– Myślę, że ta demonstracja ma charakter tylko polityczny i pokazowy. Myślę też, że ruchów politycznych służących wyjściu Polski z UE na razie nie ma i nigdy nie będzie. To jest robienie politycznego show pozbawione sensu - tłumaczył polityk ruchu Kukiz'15.
"Krzyk rozpaczy opozycji"
Piotr Apel skomentował także kwestie tzw. głosowania na dwie ręce, do którego doszło w Sejmie podczas zatwierdzenia kandydatury prof. Zbigniewa Jędrzejewskiego na sędziego Trybunału Konstytucyjnego oraz pomysł nie wyciągania kart do głosowania przez opozycję, aby nie było kworum – Takie próby walki z kworum były podejmowane kilka razy, to krzyk rozpaczy opozycji. Również PiS tego próbował i w 2008 i w 2011 roku. To jest narzędzie jak wiele innych. Zaproponowaliśmy je, bo chcieliśmy zyskać dwa tygodnie na rozmowy w sprawie rozwiązania tego impasu wokół TK, który obecnie mamy - tłumaczył poseł. Piotr Apel dodał, że ruch Kukiz'15 „nie zgadza się na dalsze psucie prawa.”

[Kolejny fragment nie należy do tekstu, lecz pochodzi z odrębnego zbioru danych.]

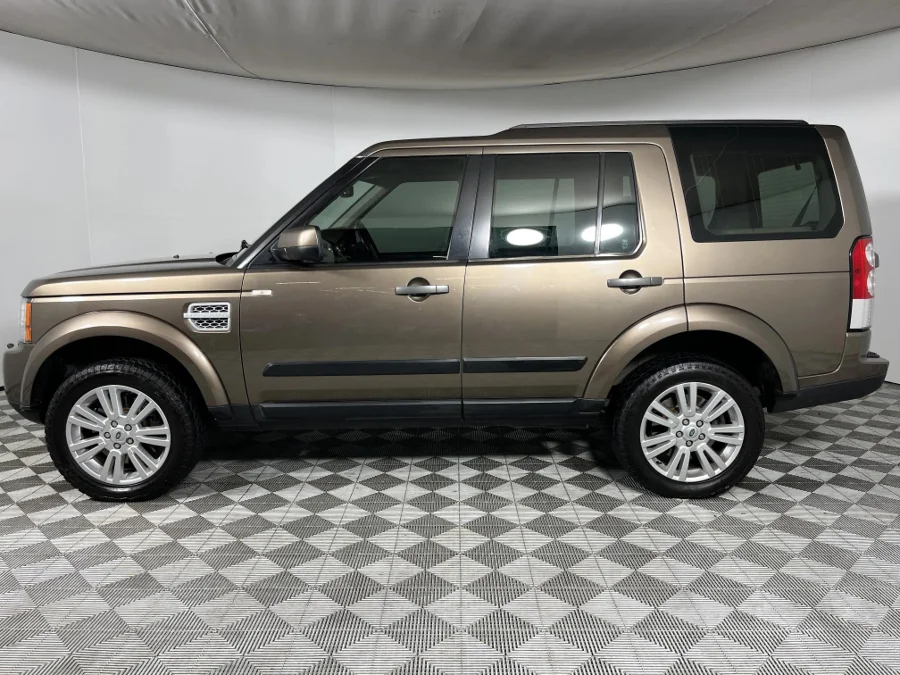 Used 2012 Land Rover Discovery SDV6 SE - WeBuyCars Richmond Used 2012 Land Rover Discovery SDV6 SE - WeBuyCars Richmond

- To kwestia wolności, jaką mamy w klubie. Każdy ma wolność głosowania. Często to podkreślaliśmy, że każdy z posłów głosuje za własnym sumieniem. Każdy, kto łamie prawo musi być usuwany z klubu. Ta decyzja była jednomyślna. Posłanka Zwiercan świadomie złamała prawo i nie mogliśmy zadecydować inaczej - tłumaczył parlamentarzysta.
Na pytanie o to, czy ruch Kukiz'15 ma problemy z samoidentyfikacją Piotr Apel stwierdził, że „członków klubu łączy Polska, ponieważ wszyscy chcą, aby była jak najsilniejsza.” – Chcemy doprowadzić do innej ordynacji wyborczej i to nas łączy. Są zasadnicze tematy, w których mamy takie samo zdanie i to się nie zmieni - zaznaczył.
Piotr Apel dodał, że w ostatnich tygodniach do klubu zgłosiło się paru posłów, którzy wyrazili chęć dołączenia do ruchu Kukiz'15.